• _TASK TO CARRY OUT_
Transcribe exactly, leaving out pictures, the lines from the one that holds "Oxford Self‑Pronouncing Holy" through the end of the data below, including both end lines and no others.

• _COLLECTED DATA_
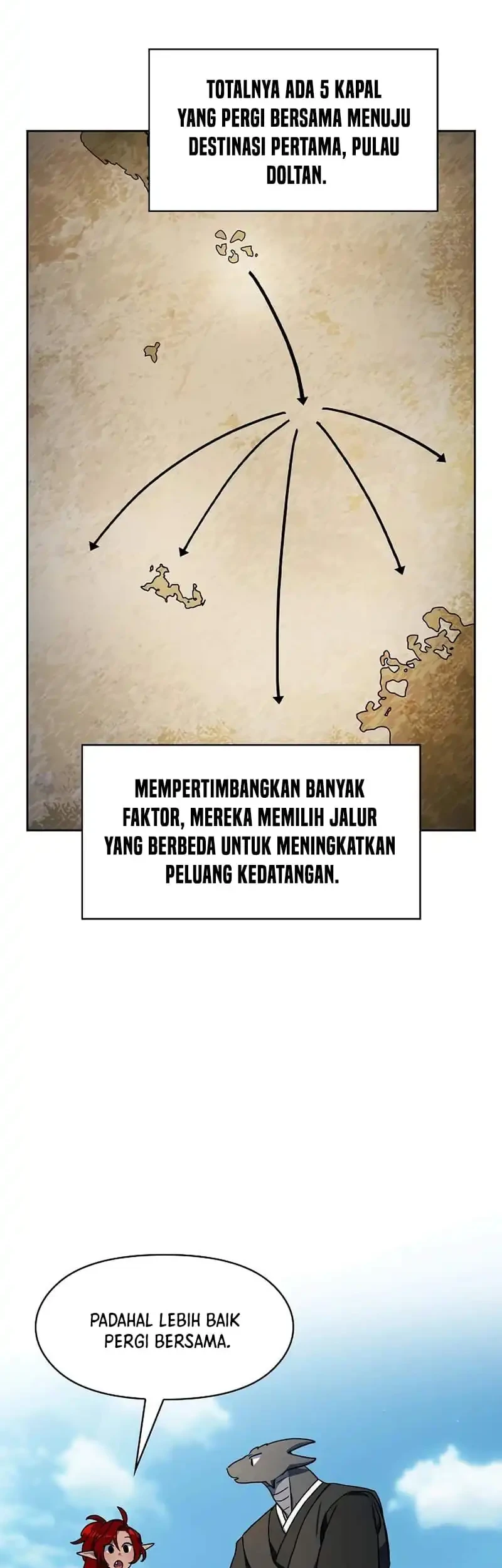 Chapter 121 - halaman 45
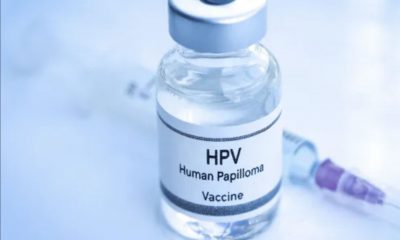 amazonas-mantem-indice-mais-al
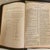 Oxford Self‑Pronouncing Holy Bible – 1901 s.s. Teacher’s Edition For Sale - Image 13 of 13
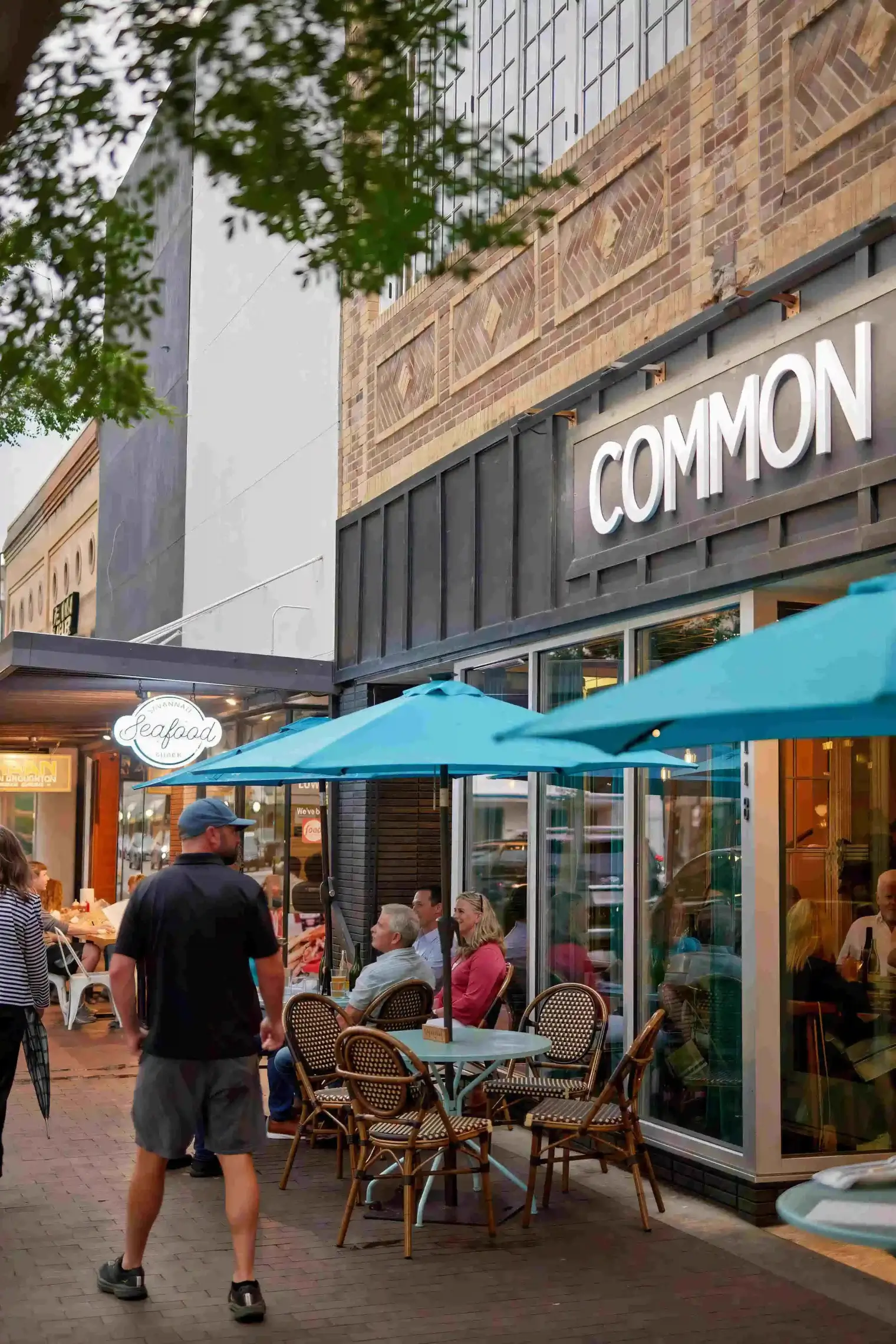 plp savannah lifestyle 282 scaled le upscale strong light ai 40 color enhance 30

• _EXERCISE RESPONSE_
 Oxford Self‑Pronouncing Holy Bible – 1901 s.s. Teacher’s Edition For Sale - Image 13 of 13
 plp savannah lifestyle 282 scaled le upscale strong light ai 40 color enhance 30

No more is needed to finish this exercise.